Act Three: The crisis
The point of maximum jeopardy: the delivery man and girl are cornered by the jealous husband and henchman.

Act Four: The climax
The release from the seemingly inescapable predicament: our Jag driver knocks out his pursuers, gives the girl her freedom and drives off with a still unconscious and gagged Martinez (“Like I said, I do deliveries”: delivery man turned bounty hunter?).

Act Five: The resolution
The tying up of loose ends, with all action resolved. Well, there’s a twist, and I won’t spoil it for you, but it makes sense of the opening sequence and shows us an unexpectedly darker side of the character dismissed by the villain as “Prince Harry”.

Desire offers inspiration to all marketers venturing forth in the dynamic world of branded content. We are so used to seeing cookie-cutter Euro stereotypes in car advertising that it’s refreshing to view Jaguar’s “story of betrayal, retribution, passion and greed” with its suitably complex and morally ambiguous protagonist. As the screenwriter Frank Cottrell Boyce, quoted by John Yorke, says: “The audience has to relate to your characters, but they don’t need to approve of them”. And the bravery of the client extended to signing off the delivery of a detailed list of product features at gunpoint.

We have blogged about how important it is for brands to construct a good narrative, not just in branded drama like Desire but in factual content too. There’s much to admire in IBM’s project to create “the world’s smallest movie”, the end product of which is a charming 90 second film called A Boy and his Atom, but the “making of” film would have benefitted from the application of Yorke’s storytelling principles. “We’re trying to make a movie using atoms” says an IBM researcher in the opening seconds. Now there’s an inciting incident if ever there was one. But the rest of the five minute film is disappointingly dull, with none of the jeopardy, things going wrong, personal crises and pay-offs that we invariably find embedded in all good factual entertainment programmes.

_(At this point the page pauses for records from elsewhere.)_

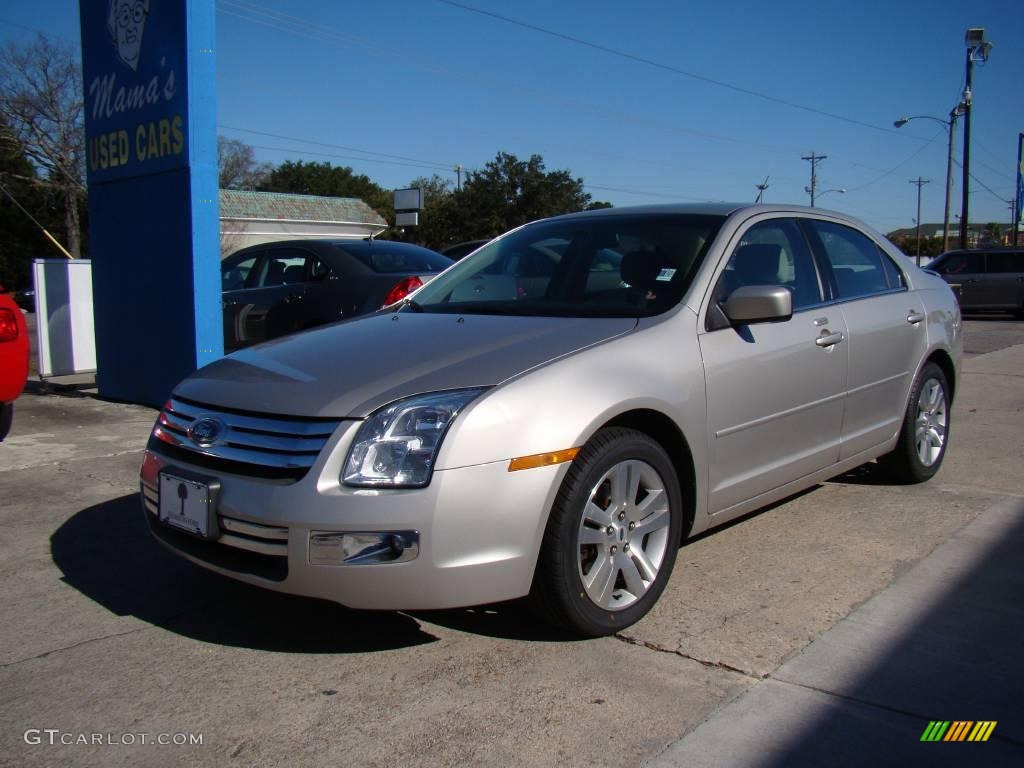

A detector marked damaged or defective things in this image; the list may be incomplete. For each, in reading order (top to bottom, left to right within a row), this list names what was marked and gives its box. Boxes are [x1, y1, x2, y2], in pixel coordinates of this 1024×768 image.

pavement crack [610, 634, 765, 684]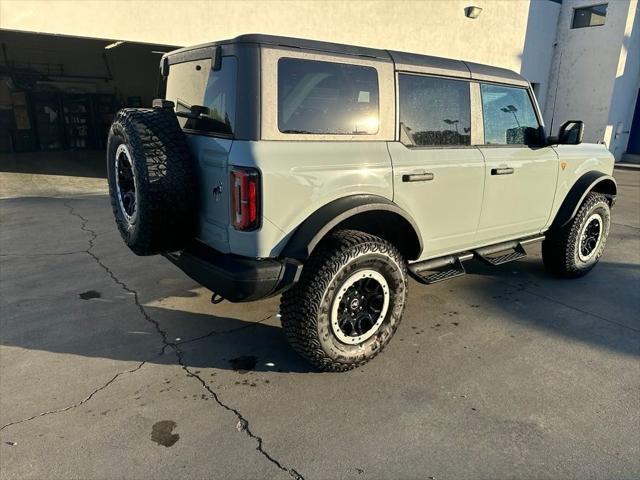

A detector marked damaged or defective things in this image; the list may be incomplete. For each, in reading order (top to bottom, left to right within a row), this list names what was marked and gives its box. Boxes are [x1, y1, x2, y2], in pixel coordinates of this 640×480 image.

crack in concrete [0, 362, 145, 434]
crack in concrete [63, 201, 304, 480]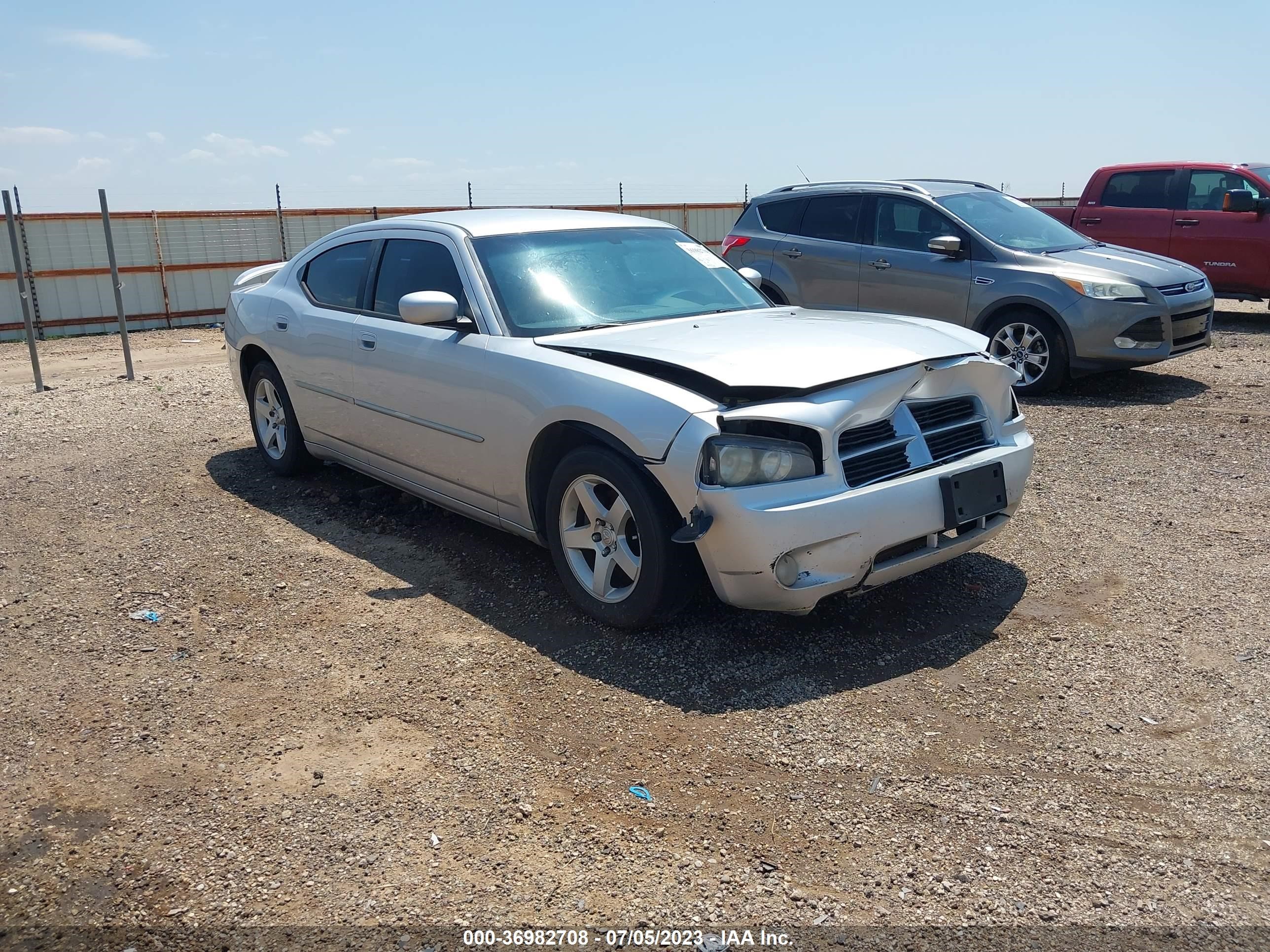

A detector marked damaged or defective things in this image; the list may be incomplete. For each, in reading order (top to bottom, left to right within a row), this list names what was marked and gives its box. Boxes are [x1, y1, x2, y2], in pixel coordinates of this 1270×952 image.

exposed headlight [1057, 275, 1148, 302]
crumpled front hood [1036, 243, 1204, 285]
crumpled front hood [533, 309, 980, 391]
exposed headlight [701, 437, 817, 487]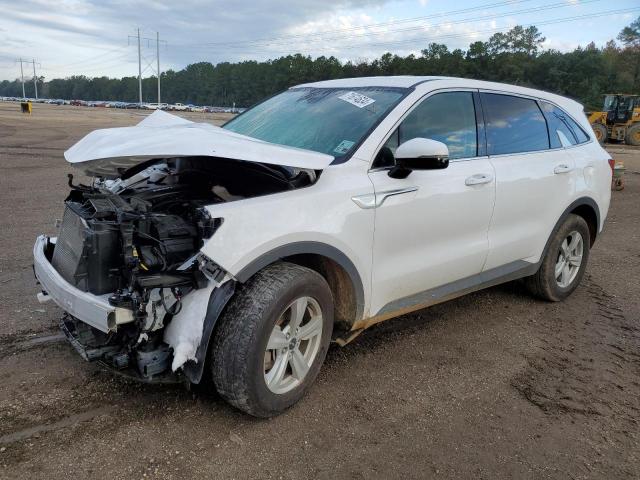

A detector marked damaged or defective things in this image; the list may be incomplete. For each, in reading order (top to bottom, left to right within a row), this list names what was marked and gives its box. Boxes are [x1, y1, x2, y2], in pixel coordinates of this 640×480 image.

crumpled hood [65, 109, 336, 177]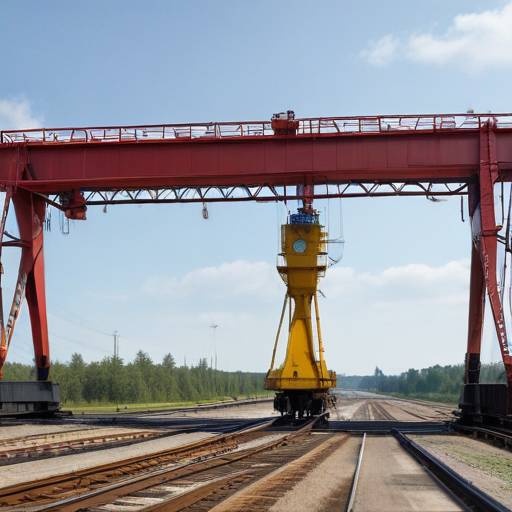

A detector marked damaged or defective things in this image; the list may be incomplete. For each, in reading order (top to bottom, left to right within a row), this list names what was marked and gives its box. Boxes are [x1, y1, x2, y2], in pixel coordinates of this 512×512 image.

rusty steel structure [1, 110, 512, 418]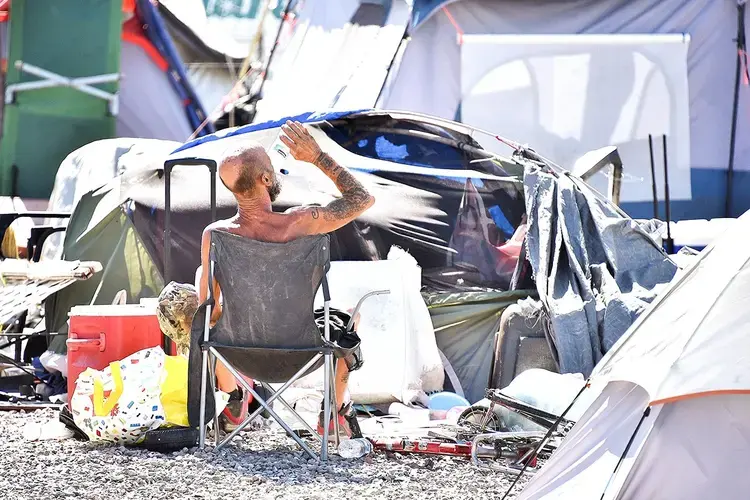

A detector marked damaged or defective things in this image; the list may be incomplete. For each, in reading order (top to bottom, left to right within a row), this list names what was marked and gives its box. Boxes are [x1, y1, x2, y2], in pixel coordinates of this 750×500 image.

torn tarp [524, 164, 680, 376]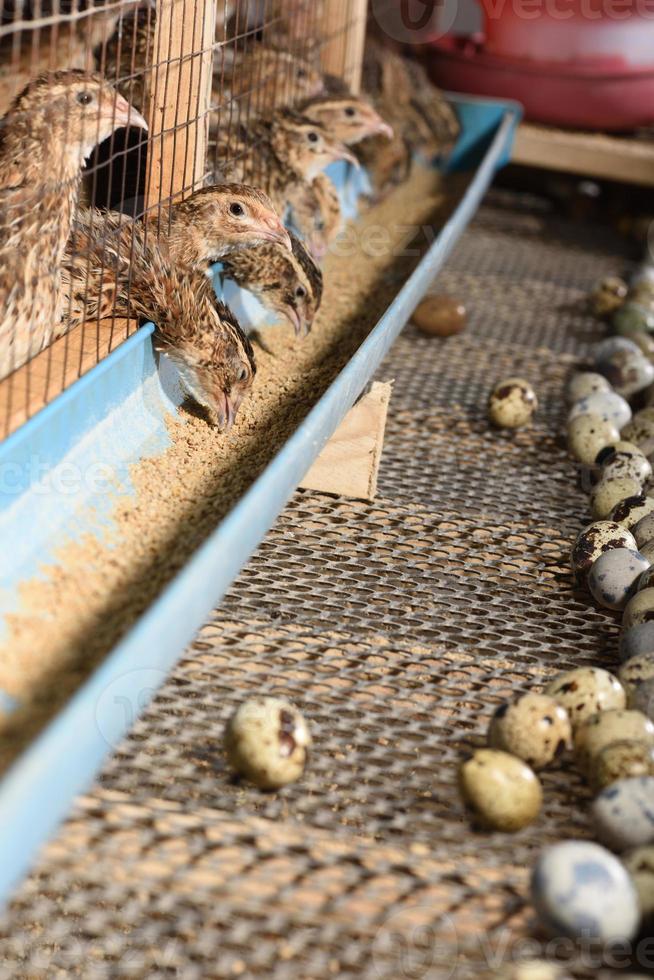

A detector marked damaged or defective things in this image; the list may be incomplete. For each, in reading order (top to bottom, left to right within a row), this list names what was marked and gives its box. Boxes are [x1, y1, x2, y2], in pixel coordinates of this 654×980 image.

rusty metal mesh [0, 193, 644, 980]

The question of how small you can make a magnet and still use it for data storage, and therefore how you can move 5,000 atoms magnified 100 million times to draw an animated picture, is potentially much more compelling and important to mankind than a car chase in the desert. But IBM and its content agency could have created a more riveting story had they applied the basic structural principles followed by Jaguar and synthesised with such clarity by John Yorke. The content marketing stakes are being raised all the time and, to create truly gripping stories, brands need to learn how to take their audiences on “a journey into the woods” because, as John Yorke says, “it’s in that journey that narrative shape is forged”.